** Opening Records supplied block **

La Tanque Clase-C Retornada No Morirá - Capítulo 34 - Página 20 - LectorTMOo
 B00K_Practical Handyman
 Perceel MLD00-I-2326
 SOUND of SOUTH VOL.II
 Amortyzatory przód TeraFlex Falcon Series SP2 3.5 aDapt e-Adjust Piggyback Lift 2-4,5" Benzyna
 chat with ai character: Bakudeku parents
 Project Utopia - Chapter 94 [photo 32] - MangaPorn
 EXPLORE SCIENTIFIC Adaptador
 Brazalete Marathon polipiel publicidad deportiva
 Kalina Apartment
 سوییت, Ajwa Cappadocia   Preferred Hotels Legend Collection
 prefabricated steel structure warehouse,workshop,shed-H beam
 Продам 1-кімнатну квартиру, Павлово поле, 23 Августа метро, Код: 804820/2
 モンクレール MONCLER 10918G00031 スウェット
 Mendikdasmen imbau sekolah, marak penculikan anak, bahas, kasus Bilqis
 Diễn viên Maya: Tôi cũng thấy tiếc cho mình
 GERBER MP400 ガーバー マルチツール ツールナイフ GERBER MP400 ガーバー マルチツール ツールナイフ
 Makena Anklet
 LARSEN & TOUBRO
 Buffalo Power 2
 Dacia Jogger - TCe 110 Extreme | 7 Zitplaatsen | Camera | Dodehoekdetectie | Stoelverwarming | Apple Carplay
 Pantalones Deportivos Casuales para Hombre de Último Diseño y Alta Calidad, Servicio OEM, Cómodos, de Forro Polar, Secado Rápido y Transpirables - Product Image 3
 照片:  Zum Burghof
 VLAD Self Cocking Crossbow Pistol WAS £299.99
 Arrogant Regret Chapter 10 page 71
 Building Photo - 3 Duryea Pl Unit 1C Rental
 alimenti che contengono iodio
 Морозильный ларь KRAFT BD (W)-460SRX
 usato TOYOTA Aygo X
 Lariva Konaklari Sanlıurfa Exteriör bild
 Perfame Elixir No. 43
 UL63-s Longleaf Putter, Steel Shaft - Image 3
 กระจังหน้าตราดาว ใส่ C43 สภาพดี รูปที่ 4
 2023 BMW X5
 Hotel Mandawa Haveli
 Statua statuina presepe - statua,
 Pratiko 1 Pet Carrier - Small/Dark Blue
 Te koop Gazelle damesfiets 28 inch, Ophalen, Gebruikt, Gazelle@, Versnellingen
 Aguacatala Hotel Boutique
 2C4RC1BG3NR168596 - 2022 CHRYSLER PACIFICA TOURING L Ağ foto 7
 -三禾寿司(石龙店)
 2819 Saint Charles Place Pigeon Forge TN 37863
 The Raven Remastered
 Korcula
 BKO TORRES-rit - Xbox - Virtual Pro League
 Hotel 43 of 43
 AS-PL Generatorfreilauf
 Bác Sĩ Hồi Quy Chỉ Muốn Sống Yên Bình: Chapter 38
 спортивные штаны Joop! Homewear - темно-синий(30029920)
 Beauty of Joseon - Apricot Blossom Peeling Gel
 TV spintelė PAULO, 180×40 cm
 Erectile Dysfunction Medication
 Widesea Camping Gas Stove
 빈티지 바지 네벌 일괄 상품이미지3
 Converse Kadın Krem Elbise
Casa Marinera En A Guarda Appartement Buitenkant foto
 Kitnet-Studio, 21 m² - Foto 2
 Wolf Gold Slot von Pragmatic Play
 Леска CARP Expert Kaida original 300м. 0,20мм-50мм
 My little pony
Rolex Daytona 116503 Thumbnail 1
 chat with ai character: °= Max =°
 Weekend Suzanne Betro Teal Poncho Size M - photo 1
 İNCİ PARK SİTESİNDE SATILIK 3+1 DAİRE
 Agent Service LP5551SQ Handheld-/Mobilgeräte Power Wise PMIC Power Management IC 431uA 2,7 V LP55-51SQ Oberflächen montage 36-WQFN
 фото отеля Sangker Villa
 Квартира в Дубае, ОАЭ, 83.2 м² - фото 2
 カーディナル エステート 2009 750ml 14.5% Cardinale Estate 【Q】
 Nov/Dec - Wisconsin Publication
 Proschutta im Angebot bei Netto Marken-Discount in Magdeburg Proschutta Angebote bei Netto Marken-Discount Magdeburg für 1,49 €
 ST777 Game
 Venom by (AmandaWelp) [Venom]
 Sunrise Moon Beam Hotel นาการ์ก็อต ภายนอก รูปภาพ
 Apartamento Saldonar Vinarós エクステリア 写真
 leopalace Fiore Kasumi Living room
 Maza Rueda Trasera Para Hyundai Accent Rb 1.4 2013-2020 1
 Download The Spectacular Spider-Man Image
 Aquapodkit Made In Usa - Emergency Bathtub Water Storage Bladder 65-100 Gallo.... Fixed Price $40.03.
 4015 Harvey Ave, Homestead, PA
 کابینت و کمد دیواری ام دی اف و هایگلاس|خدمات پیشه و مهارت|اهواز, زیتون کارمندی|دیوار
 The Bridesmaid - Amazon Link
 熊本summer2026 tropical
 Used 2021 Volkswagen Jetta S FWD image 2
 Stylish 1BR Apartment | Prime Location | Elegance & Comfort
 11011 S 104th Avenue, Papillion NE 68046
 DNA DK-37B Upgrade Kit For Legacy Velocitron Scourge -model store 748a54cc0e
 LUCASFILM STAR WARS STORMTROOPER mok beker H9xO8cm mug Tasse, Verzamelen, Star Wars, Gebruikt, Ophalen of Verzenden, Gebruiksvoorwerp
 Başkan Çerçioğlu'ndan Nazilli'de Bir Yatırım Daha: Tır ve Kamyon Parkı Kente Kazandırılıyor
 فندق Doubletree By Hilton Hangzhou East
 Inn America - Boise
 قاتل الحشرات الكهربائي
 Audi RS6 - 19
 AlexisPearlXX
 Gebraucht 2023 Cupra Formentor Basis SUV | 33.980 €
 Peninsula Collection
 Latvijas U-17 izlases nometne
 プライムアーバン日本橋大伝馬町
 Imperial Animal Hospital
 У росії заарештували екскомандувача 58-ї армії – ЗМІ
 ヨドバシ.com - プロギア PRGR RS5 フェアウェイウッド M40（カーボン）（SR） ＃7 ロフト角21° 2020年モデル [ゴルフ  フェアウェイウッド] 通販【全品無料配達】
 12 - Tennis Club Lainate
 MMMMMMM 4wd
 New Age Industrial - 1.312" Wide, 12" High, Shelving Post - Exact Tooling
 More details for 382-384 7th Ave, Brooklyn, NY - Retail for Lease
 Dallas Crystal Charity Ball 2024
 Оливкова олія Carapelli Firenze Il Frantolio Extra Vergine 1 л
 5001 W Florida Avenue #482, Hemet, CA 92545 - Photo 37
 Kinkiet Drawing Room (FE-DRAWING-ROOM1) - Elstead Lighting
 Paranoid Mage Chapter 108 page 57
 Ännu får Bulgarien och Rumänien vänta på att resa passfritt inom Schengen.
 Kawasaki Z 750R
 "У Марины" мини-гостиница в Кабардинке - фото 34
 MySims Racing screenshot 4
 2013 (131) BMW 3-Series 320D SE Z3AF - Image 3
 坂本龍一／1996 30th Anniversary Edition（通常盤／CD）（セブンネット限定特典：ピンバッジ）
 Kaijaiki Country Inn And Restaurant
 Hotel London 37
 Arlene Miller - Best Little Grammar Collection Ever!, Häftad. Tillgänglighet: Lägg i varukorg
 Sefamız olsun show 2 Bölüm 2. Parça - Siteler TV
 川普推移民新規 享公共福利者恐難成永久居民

** Closing Records supplied block **

Considering the records line by line, how many lines hold the string "page"? Say only the number.

2